Are you a descendant of a British child immigrant? Is there a ‘home child’ in your family background? How would you know? Join historian and author Art Joyce Thursday, November 3 at 7 pm at Touchstones Nelson, Shawn Lamb Archives, 502 Vernon St., for his presentation Laying the Children’s Ghosts to Rest: Honouring Canada’s Child Immigrants.
Between 1869 and 1939, 100,000 children were emigrated from Britain to Canada as a means of providing indentured labourers for newly developing farms or – in the case of girls – domestic servants for households. Tens of thousands more children were sent to Australia and New Zealand. Siblings were often separated and in most cases never saw one another or their parents again.
Joyce discovered that he was the grandson of just such a ‘home child’ five years ago while doing genealogical research into his Joyce ancestors. Since then he has expanded his interest to include research on the history of Canada’s child immigrants, and in particular, the impact of this on families in the Columbia Basin. He plans to compile a book based on both his family’s experience and the experiences of other Basin families who have ‘home children’ in their background. This project is supported by funds from the Columbia Basin Trust.
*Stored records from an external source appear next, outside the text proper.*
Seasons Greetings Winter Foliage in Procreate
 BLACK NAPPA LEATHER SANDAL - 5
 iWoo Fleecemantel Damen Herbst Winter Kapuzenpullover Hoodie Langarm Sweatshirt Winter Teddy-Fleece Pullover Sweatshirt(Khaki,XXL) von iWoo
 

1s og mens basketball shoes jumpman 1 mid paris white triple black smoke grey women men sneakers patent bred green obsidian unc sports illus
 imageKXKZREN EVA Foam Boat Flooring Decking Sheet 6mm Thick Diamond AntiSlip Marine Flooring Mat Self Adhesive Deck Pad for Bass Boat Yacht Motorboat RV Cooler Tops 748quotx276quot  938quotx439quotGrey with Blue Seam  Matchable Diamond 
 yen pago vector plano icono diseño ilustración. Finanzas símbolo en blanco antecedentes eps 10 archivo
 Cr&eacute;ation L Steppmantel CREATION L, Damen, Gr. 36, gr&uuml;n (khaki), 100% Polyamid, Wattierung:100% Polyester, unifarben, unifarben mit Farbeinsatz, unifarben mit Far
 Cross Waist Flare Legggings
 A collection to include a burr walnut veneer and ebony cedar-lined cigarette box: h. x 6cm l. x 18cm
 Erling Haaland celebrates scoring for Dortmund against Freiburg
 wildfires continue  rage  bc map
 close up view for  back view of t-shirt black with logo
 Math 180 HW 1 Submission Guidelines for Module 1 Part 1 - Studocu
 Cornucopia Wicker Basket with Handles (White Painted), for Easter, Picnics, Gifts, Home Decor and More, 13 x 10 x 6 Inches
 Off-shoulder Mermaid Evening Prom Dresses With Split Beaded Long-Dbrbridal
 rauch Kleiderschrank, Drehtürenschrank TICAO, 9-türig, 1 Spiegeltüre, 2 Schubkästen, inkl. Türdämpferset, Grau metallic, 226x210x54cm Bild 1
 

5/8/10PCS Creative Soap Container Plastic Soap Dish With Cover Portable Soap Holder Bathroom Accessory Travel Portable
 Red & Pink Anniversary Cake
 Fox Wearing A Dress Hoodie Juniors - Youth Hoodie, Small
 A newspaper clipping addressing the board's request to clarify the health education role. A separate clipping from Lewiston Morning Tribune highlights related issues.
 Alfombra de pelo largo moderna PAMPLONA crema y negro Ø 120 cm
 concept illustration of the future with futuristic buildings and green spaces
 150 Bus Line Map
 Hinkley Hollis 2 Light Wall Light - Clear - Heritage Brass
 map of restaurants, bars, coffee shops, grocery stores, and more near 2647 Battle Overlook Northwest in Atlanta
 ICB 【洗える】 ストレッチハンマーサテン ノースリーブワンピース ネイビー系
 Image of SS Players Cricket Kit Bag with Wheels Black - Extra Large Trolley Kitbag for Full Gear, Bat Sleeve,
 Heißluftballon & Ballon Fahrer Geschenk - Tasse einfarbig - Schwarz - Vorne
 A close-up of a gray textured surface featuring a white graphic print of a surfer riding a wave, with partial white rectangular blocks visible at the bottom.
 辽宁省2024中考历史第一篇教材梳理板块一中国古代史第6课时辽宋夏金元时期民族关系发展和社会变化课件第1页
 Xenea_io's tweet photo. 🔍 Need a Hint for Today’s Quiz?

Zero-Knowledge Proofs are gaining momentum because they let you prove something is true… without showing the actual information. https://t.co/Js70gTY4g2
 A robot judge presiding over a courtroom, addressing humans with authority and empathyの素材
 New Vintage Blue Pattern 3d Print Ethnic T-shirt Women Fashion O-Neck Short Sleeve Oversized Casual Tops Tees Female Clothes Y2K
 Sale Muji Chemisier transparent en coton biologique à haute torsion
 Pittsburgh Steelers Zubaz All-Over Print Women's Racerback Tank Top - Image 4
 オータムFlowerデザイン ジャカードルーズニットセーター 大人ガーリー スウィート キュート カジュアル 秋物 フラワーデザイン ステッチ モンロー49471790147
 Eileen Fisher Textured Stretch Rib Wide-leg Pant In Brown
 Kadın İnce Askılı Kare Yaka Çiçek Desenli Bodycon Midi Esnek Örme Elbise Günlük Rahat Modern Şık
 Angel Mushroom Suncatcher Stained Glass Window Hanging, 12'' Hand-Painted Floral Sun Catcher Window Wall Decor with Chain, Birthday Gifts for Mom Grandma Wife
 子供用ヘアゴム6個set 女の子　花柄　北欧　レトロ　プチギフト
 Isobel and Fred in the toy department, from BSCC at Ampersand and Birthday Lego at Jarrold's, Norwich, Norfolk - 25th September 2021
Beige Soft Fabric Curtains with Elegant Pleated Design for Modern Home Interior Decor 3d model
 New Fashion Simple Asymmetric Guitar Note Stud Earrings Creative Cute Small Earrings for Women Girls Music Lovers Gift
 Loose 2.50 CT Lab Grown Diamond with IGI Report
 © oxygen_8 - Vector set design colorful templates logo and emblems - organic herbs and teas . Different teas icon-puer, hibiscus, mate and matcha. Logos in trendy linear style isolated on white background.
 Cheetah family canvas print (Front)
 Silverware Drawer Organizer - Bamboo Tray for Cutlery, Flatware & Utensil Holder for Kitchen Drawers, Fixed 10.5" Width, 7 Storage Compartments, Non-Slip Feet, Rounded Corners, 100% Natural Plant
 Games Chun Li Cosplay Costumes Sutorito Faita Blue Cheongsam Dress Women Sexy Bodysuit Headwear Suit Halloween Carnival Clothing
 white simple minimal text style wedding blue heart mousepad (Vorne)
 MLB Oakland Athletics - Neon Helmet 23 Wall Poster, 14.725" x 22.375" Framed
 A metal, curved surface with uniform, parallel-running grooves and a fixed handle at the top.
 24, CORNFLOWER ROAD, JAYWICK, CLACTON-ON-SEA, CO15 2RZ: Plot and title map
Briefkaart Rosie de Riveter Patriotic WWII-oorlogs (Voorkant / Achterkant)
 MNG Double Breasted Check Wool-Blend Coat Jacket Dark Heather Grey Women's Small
Joyce is the author of two books of West Kootenay history, A Perfect Childhood and Hanging Fire & Heavy Horses, on the heritage homes and public transit of the historic city of Nelson, BC. A passage from A Perfect Childhood is quoted in the Knowledge Network’s BC Moments series and he was a popular heritage columnist for the Nelson Daily News from 1996-2000. For the past seven years he has worked as reporter and arts and culture editor for the Valley Voice newspaper in the Slocan Valley. Joyce is also the author of two recent books of poetry.